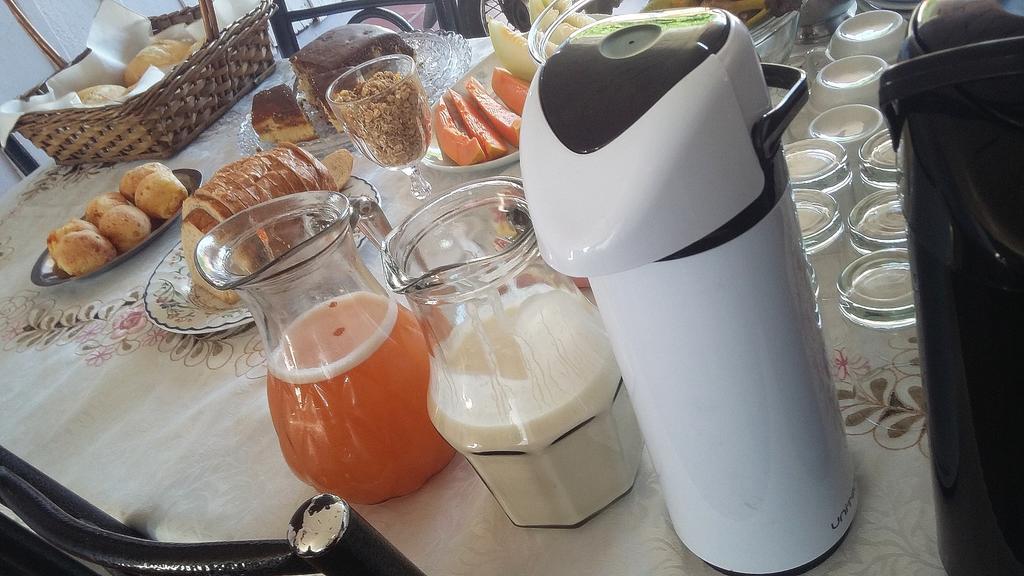 Aconchego Lar Cama E Cafe Acomodação com café da manhã Foz do Iguaçu Exterior foto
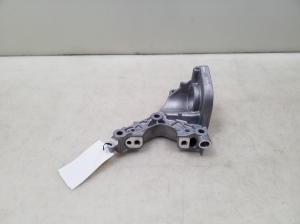 Halter der Antriebswelle vorne - A2822232600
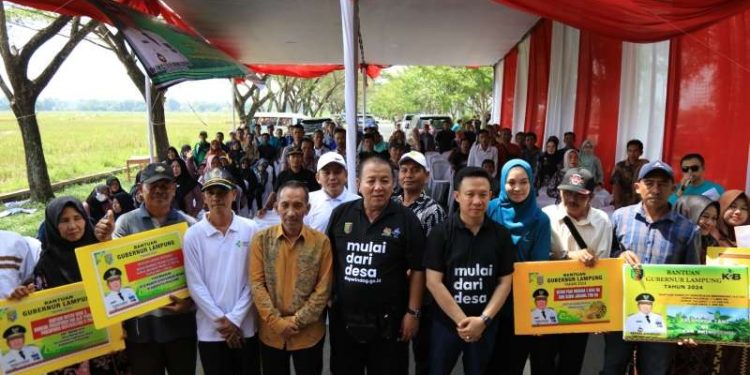 Gubernur Lampung berdialog interaktif dengan petani di desa Klaten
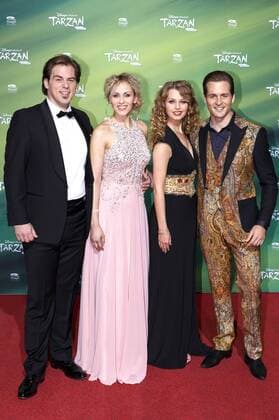 Patrick Stanke, Sabrina Weckerlin, Tessa Sunniva van Tol und Alexander Klaws bei der Premiere des Musicals Tarzan im Stage Metronom Theater. Oberhausen, 06.11.2016 Foto:xC.xHardtx xFuturexImage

* ABOUT THIS EXERCISE *
Leave every picture out and print exactly the lines from the one that contains "Gubernur Lampung berdialog" through the last line of the material above.

* RESPONSE *
 Gubernur Lampung berdialog interaktif dengan petani di desa Klaten
 Patrick Stanke, Sabrina Weckerlin, Tessa Sunniva van Tol und Alexander Klaws bei der Premiere des Musicals Tarzan im Stage Metronom Theater. Oberhausen, 06.11.2016 Foto:xC.xHardtx xFuturexImage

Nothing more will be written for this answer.